The cost is invisible, which is why it persists. You cannot see the feedback loop that does not exist. You cannot miss the correction that never happened. You simply continue on the same trajectory, mistaking consistency for effectiveness and effort for progress.
The first feedback loop in any system is the simplest: start measuring one thing. One metric for one process. Track it for long enough to see a pattern. Then use the pattern to make one adjustment. You have just built what did not exist before: a system that can learn from its own output.
Everything in the next nineteen lessons of this phase — leading indicators, emotional feedback loops, habit loops, multi-loop systems, feedback hygiene — depends on this foundation. You cannot build a feedback loop around what you are not measuring.
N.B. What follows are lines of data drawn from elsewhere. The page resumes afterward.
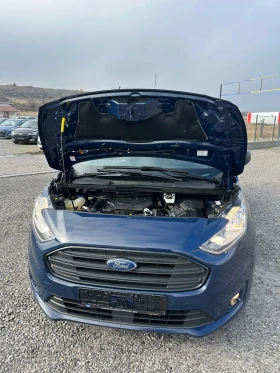 Ford Connect Facelift 1.5D 2+ 1 EURO 6 TUV , снимка 16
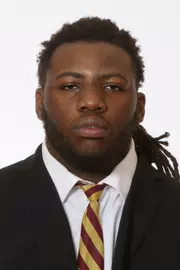 Headshots: Xavier Chaplin - Football
Use Image #26-015RL (025)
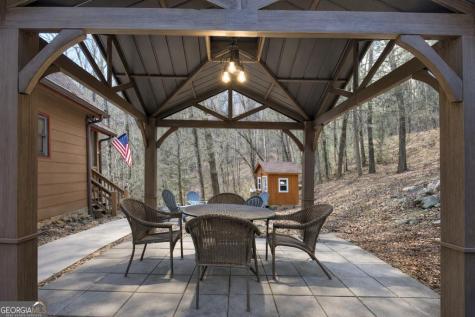764 Ducktown Lane Ellijay GA 30540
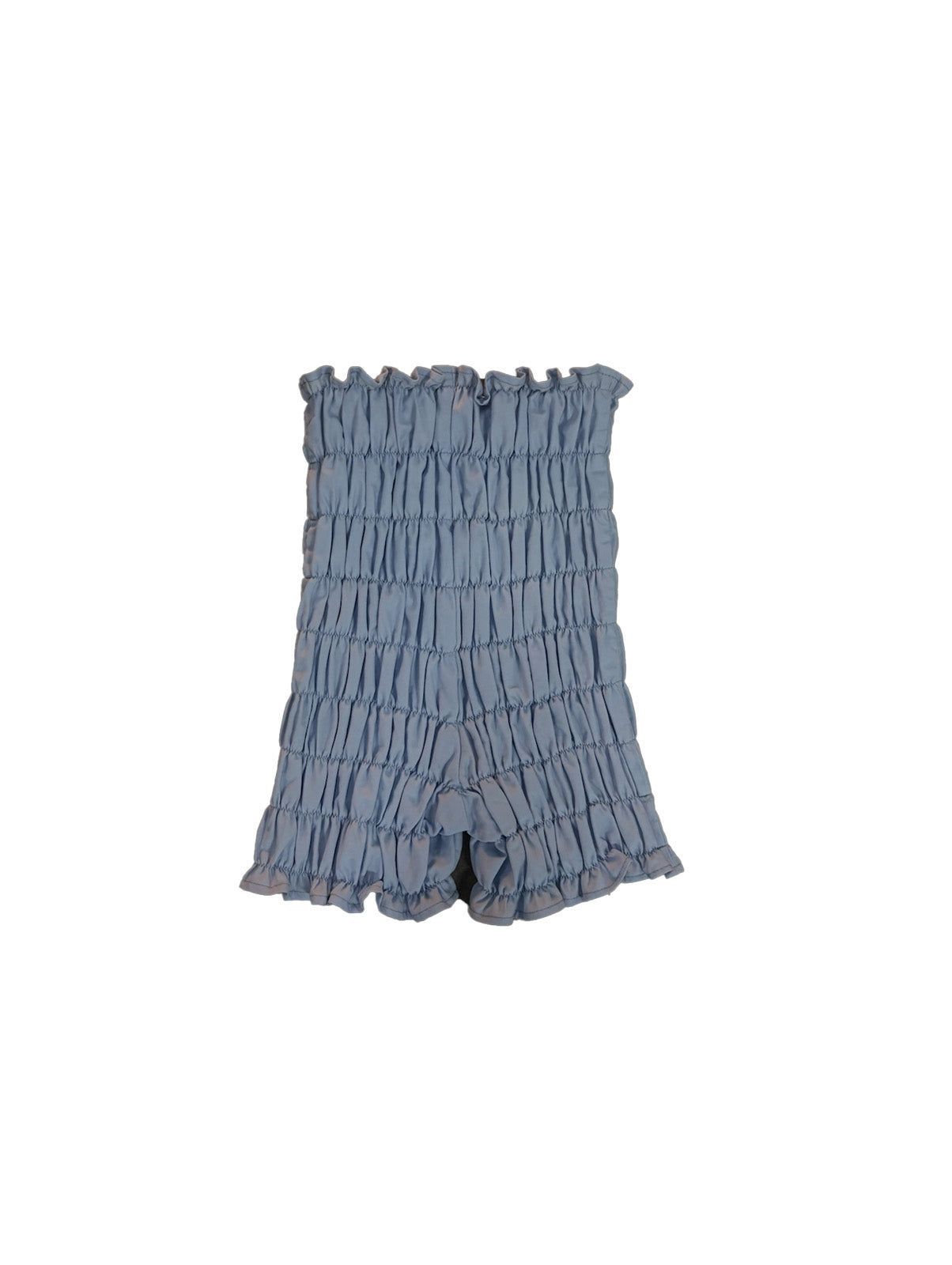Short Nube - Azul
Start measuring.
Sources and further reading:
- Lord Kelvin, "Electrical Units of Measurement," lecture to the Institution of Civil Engineers, May 3, 1883.
- V.F. Ridgway, "Dysfunctional Consequences of Performance Measurements," Administrative Science Quarterly 1 (1956): 240-247.
- W. Edwards Deming, Out of the Crisis (MIT Press, 1982).
- Andrew S. Grove, High Output Management (Random House, 1983).
- Charles Goodhart, "Problems of Monetary Management: The U.K. Experience," Papers in Monetary Economics (Reserve Bank of Australia, 1975).
- John Doerr, Measure What Matters: How Google, Bono, and the Gates Foundation Rock the World with OKRs (Portfolio/Penguin, 2018).
- Gary Wolf, "The Quantified Self," TED talk, 2010; Kevin Kelly and Gary Wolf, Quantified Self (quantifiedself.com), founded 2007.